Staffing and Litigation
Witnesses indicated that if Congress responded to Loper Bright with deeper policy analysis, it would need to employ more staff at the committee level or otherwise in order to draft detailed legislation.“If the court is going to insist that Congress makes policy at ever more granular levels, then Congress will need to build an institutional infrastructure mirroring that which currently exists at the agencies,” Georgetown University Law Professor Josh Chafetz told the committee.
“This means large increases in the number of staffers and diversifying the experience of staffers, including hiring many with graduate degrees in the social and physical sciences, and many more with security clearances.”
He added that “creating a corps of folks who have legal skills, policy chops—but also statistical analysis skills—who can look at the executive branch ... from snout to tail and ensure that what they’re doing is within the law.”
Justice Roberts wrote that the court’s decision in Loper Bright didn’t “call into question” regulations that had been upheld with the Chevron doctrine.
“The holdings of those cases that specific agency actions are lawful ... are still subject to statutory stare decisis despite our change in interpretive methodology,” he wrote for the majority. He added that “[m]ere reliance on Chevron” was not enough to justify overruling a precedent.
Justice Roberts’s opinion, however, didn’t completely foreclose the possibility that prior regulations could be challenged in court or removed by Congress.
Oversight
In the wake of Loper Bright, congressional Republicans moved for a mass review of prior regulations in light of the court’s removal of Chevron deference.Sen. Tom Cotton (R-Ark.), for example, introduced the Bureaucratic Overreach Review Act on July 9. This act would require the Government Accountability Office to identify cases where federal courts have chosen agency deference by relying on Chevron and require agencies to review court decisions in which they were afforded deference.
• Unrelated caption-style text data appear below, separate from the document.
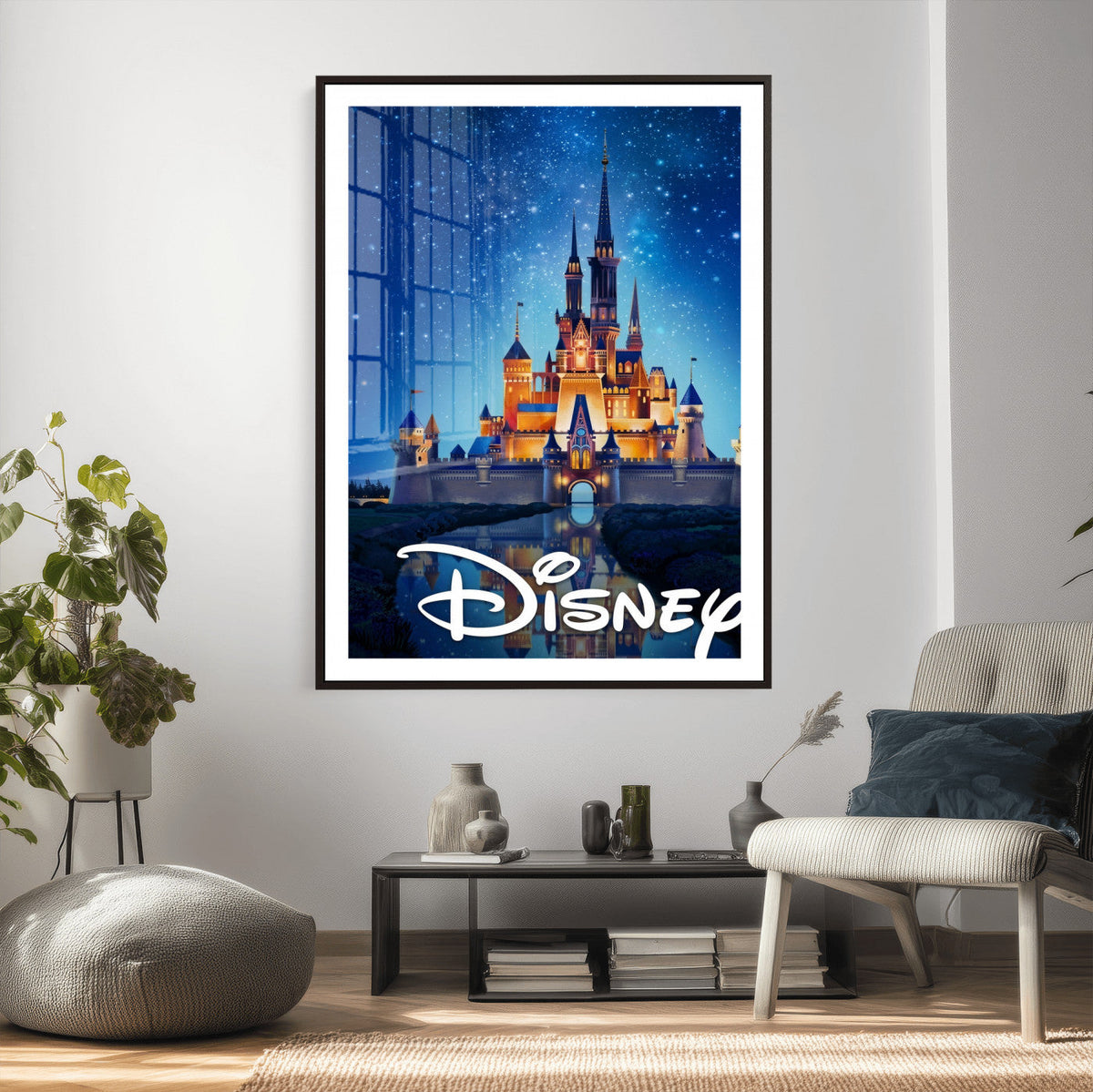 Disney Castle Wall Art – Framed Magic Kingdom Canvas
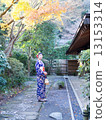 Kimono bamboo grove autumn leaves 3 13153314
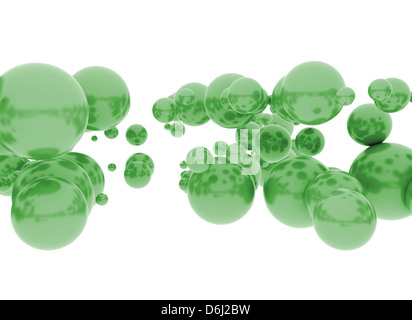 Immagine astratta di verde delle sfere di plastica. Alta risoluzione Foto Stock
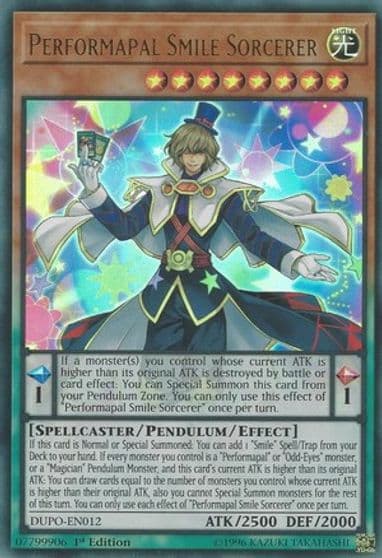 Performapal Smile Sorcerer Duel Power Yu-Gi-Oh! card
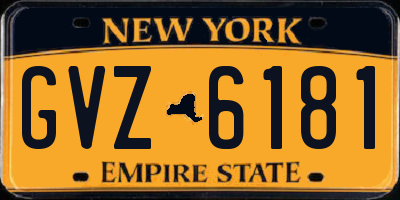NY license plate GVZ6181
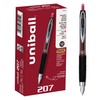 uniball 207 Retractable Gel Pens, Micro Point (0.5mm), Red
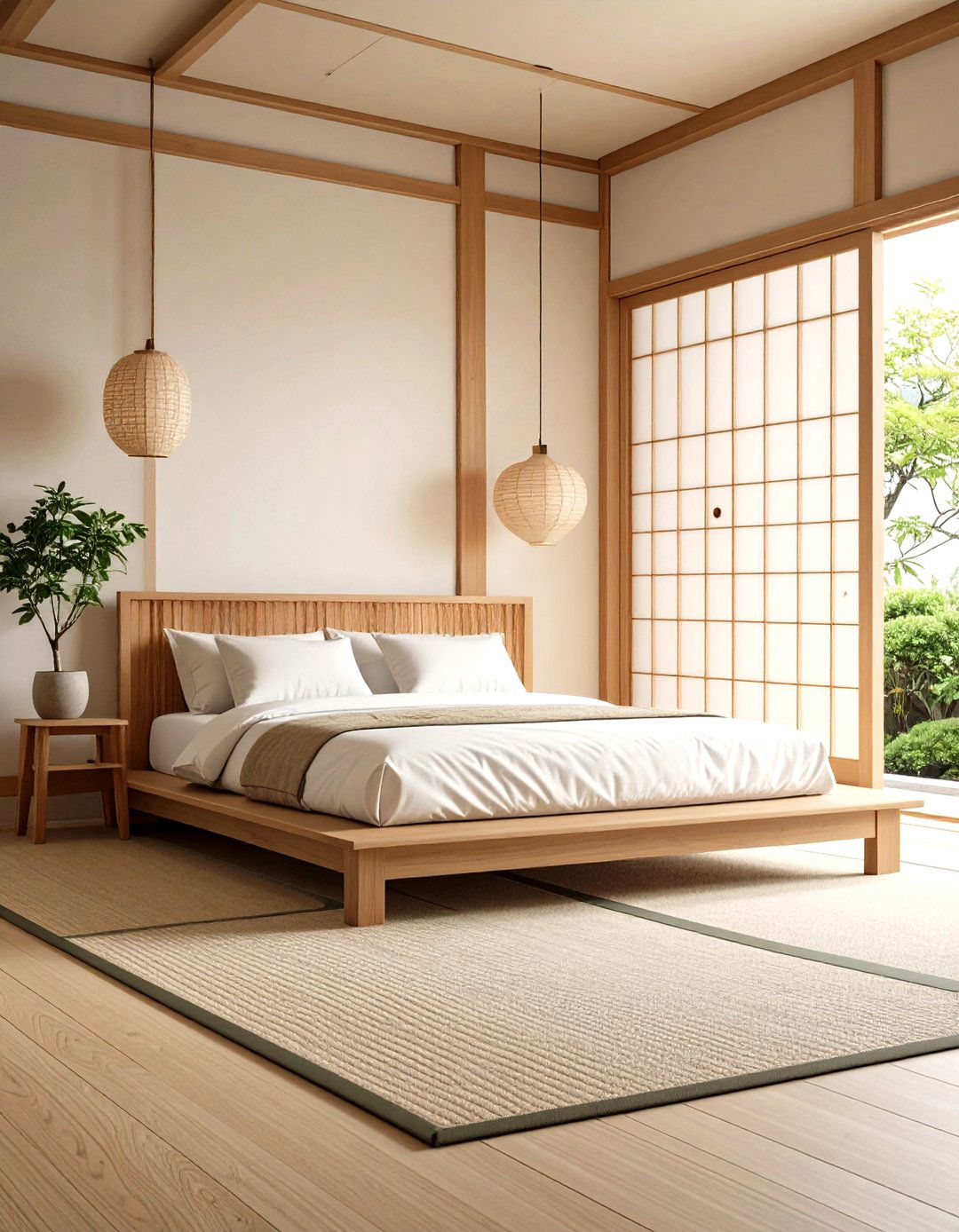 Japanese Bedroom Design Featuring Low Platform Bed Frames - 20 Japanese Bedroom Design Ideas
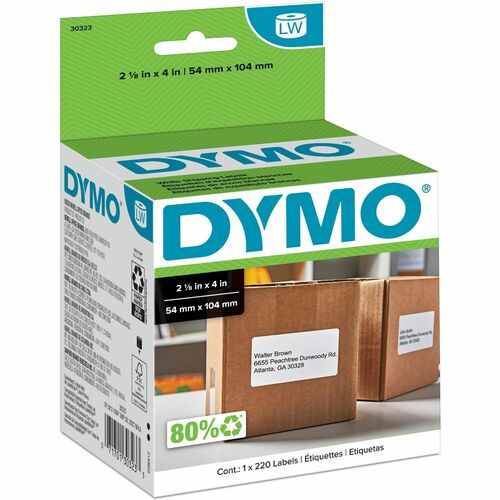 Dymo Shipping Labels, 2 1/8" x 4",  Box of 220 Labels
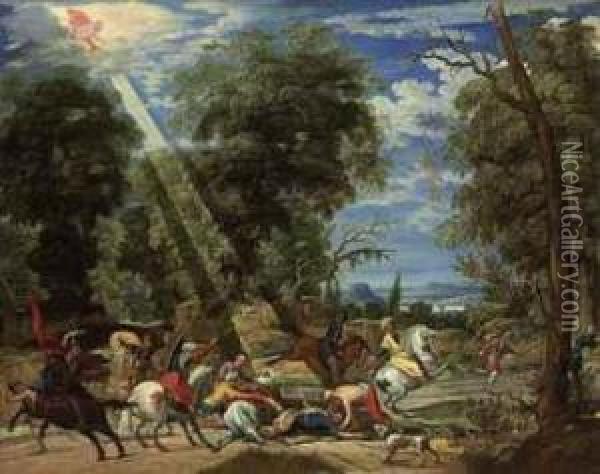 The Conversion Of Saint Paul Oil Painting - David The Elder Teniers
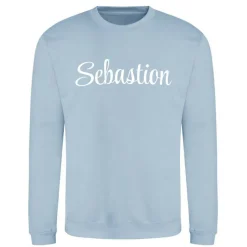 Unisex Adults Cotton Long Sleeve Crew Sweatshirt
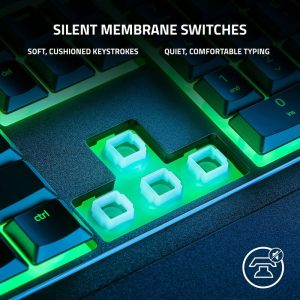 Teclado Razer Ornata V3 X Gaming Low Profile Gaming Keyboard RZ03 04470200 R3U1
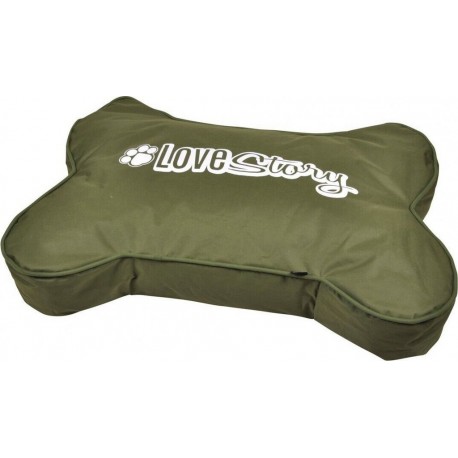 NC Coussin Os Pour Chien Kaki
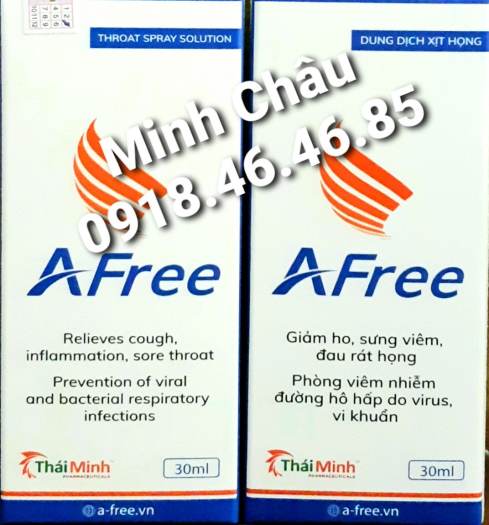 Dung dịch xịt họng Afree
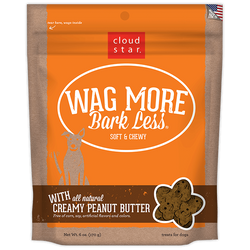Cloud Star Wag More Bark Less Soft and Chewy Creamy Peanut Butter Dog Treats image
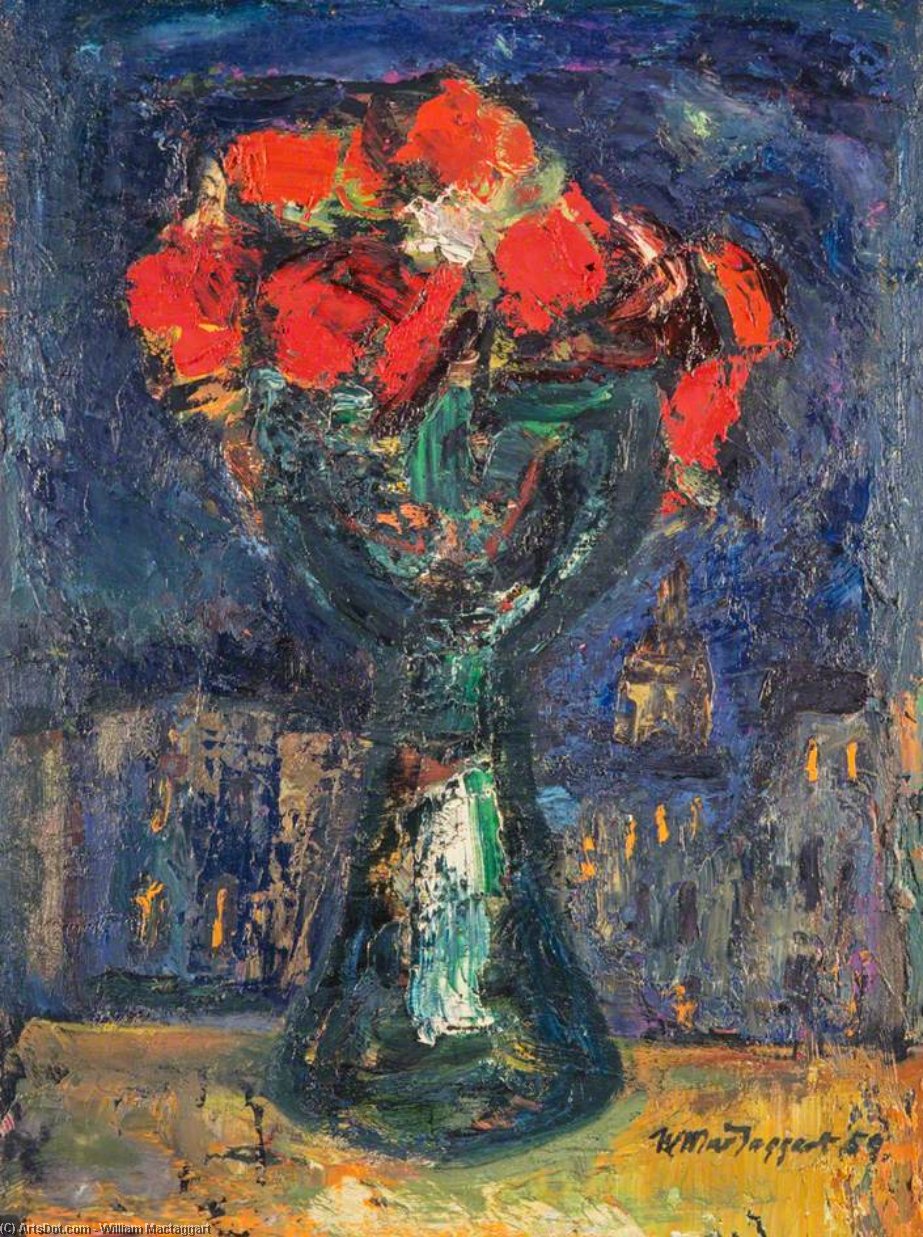 WikiOO.org - Encyclopedia of Fine Arts - Maľba, Artwork William Mactaggart - Roses -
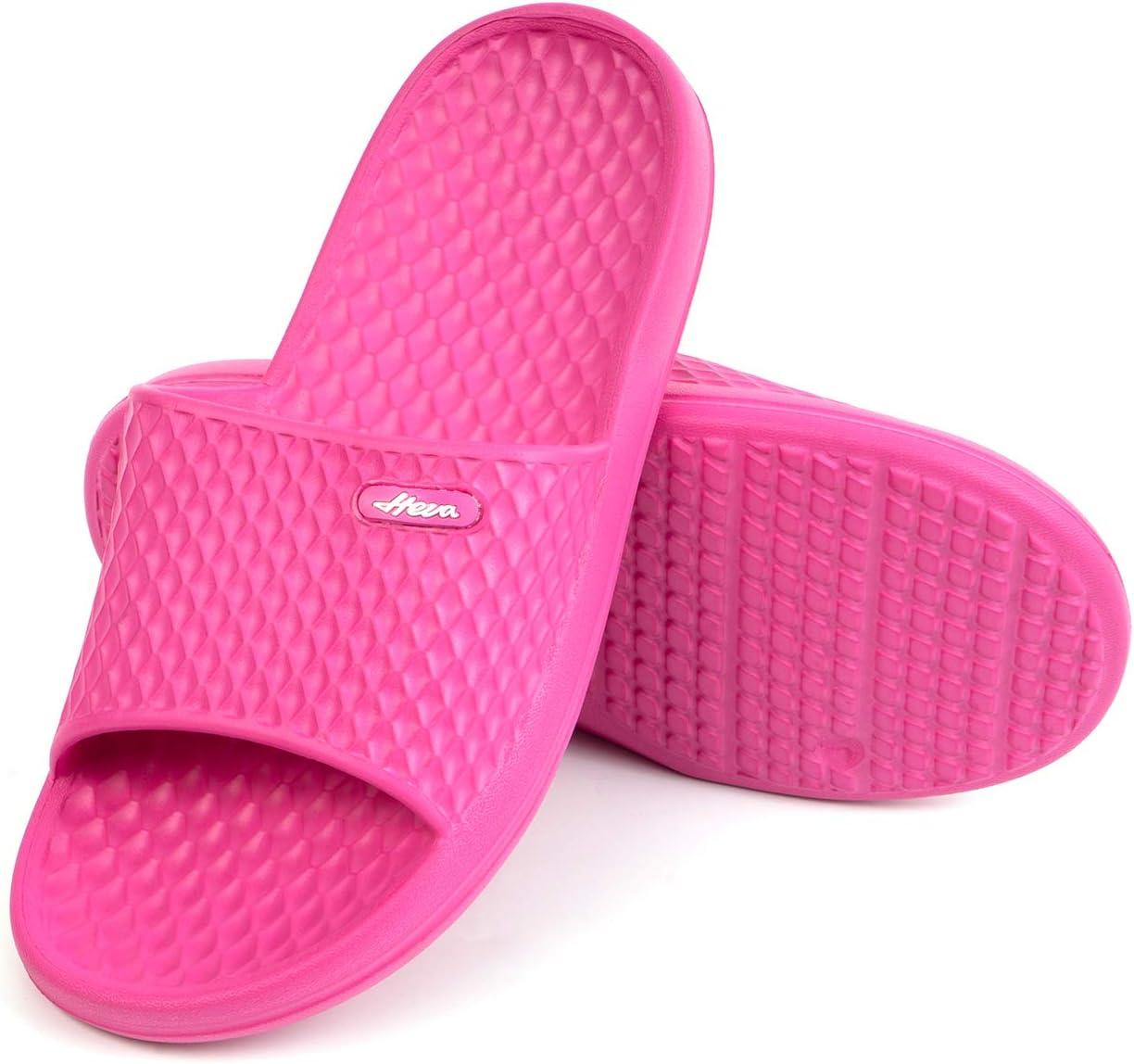 image:imageFUNKYMONKEY Womens Bathroom Shower Slippers Indoor Home Beach Non Slip SandalFuxia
Among the proposed changes at the July 23 hearing was language clarifying how much deference Congress intended to give agencies in interpreting statutes.
“Congress can write deference into individual bills empowering agencies, or it could even draft the standalone bill re-instituting Chevron deference,” Mr. Chafetz told the committee. “Because Loper Bright claims to be an interpretation of the Administrative Procedure Act ... it can be reversed by statute.”
New Laws
Both Mr. Ray and Wayne Cruz, a senior fellow at the Competitive Enterprise Institute, suggested placing proactive restrictions on agencies’ regulatory authority.“I don’t see a way for Congress to reestablish control, so long as it is in a fundamentally responsive posture to the agencies and the executive branch generally,” Mr. Ray said.
“So the key to my way of thinking is for Congress to again become the first mover it was intended to be under the Constitution.”
He called on Congress to pass the Regulations from the Executive in Need of Scrutiny or REINS Act, which requires congressional approval of “major” rules.
Republicans’ efforts came against the backdrop of Democrats pursuing court reform while attempting to counter decisions from the predominantly conservative Supreme Court.
Democrats have already pushed an attempt to codify the landmark decision in Roe v. Wade. On the administrative law front, House Judiciary Ranking Member Jerrold Nadler (D-N.Y.) introduced a law on July 11 designed to reverse the effects of the decision in Corner Post.